O livro Esferas públicas no Brasil: teoria social, públicos subalternos e democracia reúne artigos que buscam refletir, a partir de diferentes perspectivas, sobre as mudanças estruturais das esferas públicas no Brasil. Em um diálogo crítico com Jürgen Habermas, autor do clássico Mudança Estrutural da Esfera Pública, assim como com outros autores do campo da teoria crítica – especialmente Nancy Fraser e Craig Calhoun –, Fernando Perlatto reflete neste trabalho sobre questões diversas relacionadas à esfera pública no Brasil e no mundo contemporâneo.

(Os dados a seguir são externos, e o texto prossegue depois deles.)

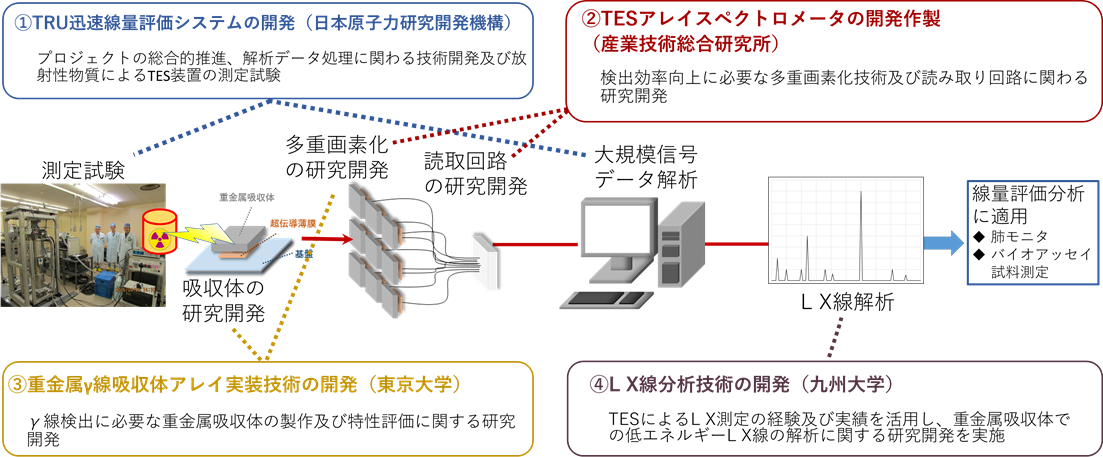 研究実施体制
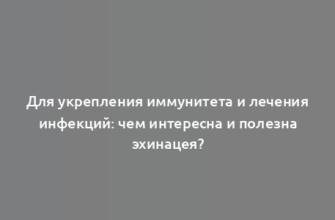 Для укрепления иммунитета и лечения инфекций: чем интересна и полезна эхинацея?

Articulando Historiografia e Sociologia Política, este livro analisa as relações que os diferentes sujeitos e grupos sociais estabeleceram historicamente com o que o autor intitula nos textos de esfera pública seletiva e esferas públicas subalternas.

"Mais do que uma história das esferas públicas no Brasil, trata-se de uma verdadeira sociologia política do País, que, opondo-se sutilmente à visão um tanto pessimista de vertentes do pensamento social brasileiro, que encaram o País a partir de uma teoria meio elitista do deficit, aposta suas fichas, como possibilidade de democratização, no diálogo permanente com as esferas públicas subalternas e populares – sem nunca cair, entretanto, no encanto das sereias do populismo [...]. A publicação de Esferas públicas no Brasil reativa o poder da imaginação, da subversão e da reconstrução política. Com este novo livro, Fernando Perlatto assina a sua segunda publicação e se coloca ao lado dos melhores intérpretes das esferas públicas no Brasil."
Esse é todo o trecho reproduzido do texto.